LAND TRUSTS ARE EXEMPT FROM THE DUE ON SALE CLAUSE

A sale of beneficiary interest in a land trust is a private, anonymous, and unrecorded transfer of a personal property interest in a non-personal entity (i.e., is it 'not a sale of real property [i.e., the lender’s security].) Neither does such transfer of Personalty vest the property’s legal or equitable title interest in the beneficiaries. Nor is a mortgagee’s security interest in the property impaired in the process. (re: 103 Ill.
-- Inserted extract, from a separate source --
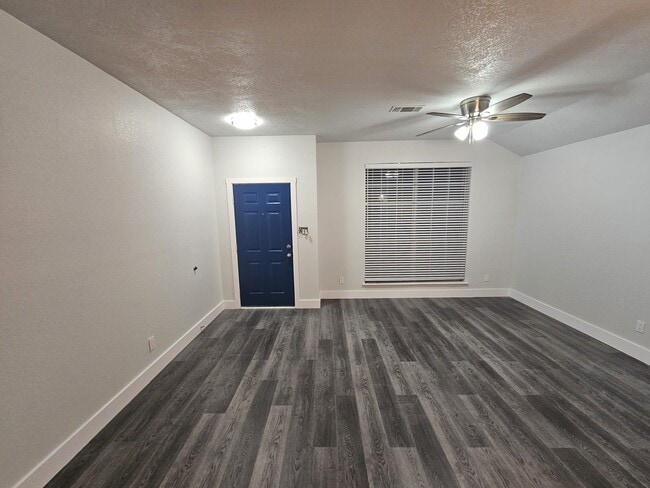 Photo - 919 Crestwood Dr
App 3d. 174. 430 N.E.2d 708 (2d Dist.) 1981 Wachta v. 1st Fed. and Damen v. Heritage Bank respectively; Williams v. 1st Fed. S&L, Arlington, Va., #80-308A, 6/17/80, Etal.)

Note, as well, that neither is the letting (leasing-out) of the property to a co-beneficiary of the trust a compromise of the lender’s security interest under the US Code §1701-j-3 (see Garn-St. Germain/ FDIRA 1982).

Placement of real-estate into a living trust (i.e., a land trust) in which the borrower requests no release of liability and retains full directive powers [as trustee or as "directing-beneficiary"] does not trigger a “Due on Sale Clause” action, providing that:

A) the trust is revocable by the borrower;

B) the trust is in the borrower’s name;

C) the borrower is and remains a beneficiary, and

D) the trust itself conveys no rights of occupancy.

Pub. “Using California Trusts, Planning, Implementing Administering and Terminating,” Cont. Ed. of the Bar, CA. ©1991 Regents - U of Ca.
Barnet Resnick, “Is There Such a Thing as a California land trust?” LA Bar Bul. 4/73, pp 216-228 Bentley Mooney Jr., Esq., Preserving your Wealth [68-112];
H. Kenoe on land trusts, etc.


THE TRUST IS NOT REAL ESTATE, IT IS PERSONAL PRIVATE PROPERTY.  THE DOCTRINE OF EQUITABLE CONVERSION IS HOW THIS IS ACCOMPLISHED.  THAT'S WHY ALL DOCUMENTS CREATED WITHIN THE TRUST REMAIN LEGALLY UNRECORDED, THEY ARE PRIVATE PROPERTY AND YOU CAN BE PROTECTED, EVEN FROM THE IRS.  YOU WOULDN'T WANT TO GIVE AWAY ANY MORE RIGHTS OF PRIVACY WOULD YOU?  THE SMALL INVESTOR CAN DO VERY WELL DOING WHAT THE WEALTHY DO.  IT'S ALWAYS LEGAL.

Once your Trustee takes title, he owns the real property.  You own a beneficiary interest in a trust which is categorized by the IRS as securities and listed under stocks and bonds.

MORTGAGE LAW VS. U.C.C. REGULATION (ART. #9)

“Mortgage law" would rarely, if ever, govern a security interest in a beneficiary’s land trust interest.

• Eric T. Freyfogle, “Land Trusts and the Decline of Mortgage Law," University of Illinois Law Review, Vol. 1988, p. 76-99, spec. referring to: “Horney v. Hayes [1957] and its Progeny” (See “Personal Property” below).

IN OTHER WORDS, MORTGAGE LAW NO LONGER APPLIES -- THE TRUST IS PERSONAL PROPERTY COVERED UNDER THE UNIFORM COMMERCIAL CODE.

The Uniform Commercial Code, adopted by all 50 states, characterizes interest in an Illinois-type land trust as Personal Property. However, for federal income tax purposes, the beneficiary/ies of land trusts are treated as if they owners of real estate. Because local laws view a land trust’s beneficiary interest as personal property rather than real property (except in Louisiana and Tennessee who treat such beneficiary interest as realty), it is UCC regulation (i.e., Article #9), rather than mortgage law, which governs the interest of the parties.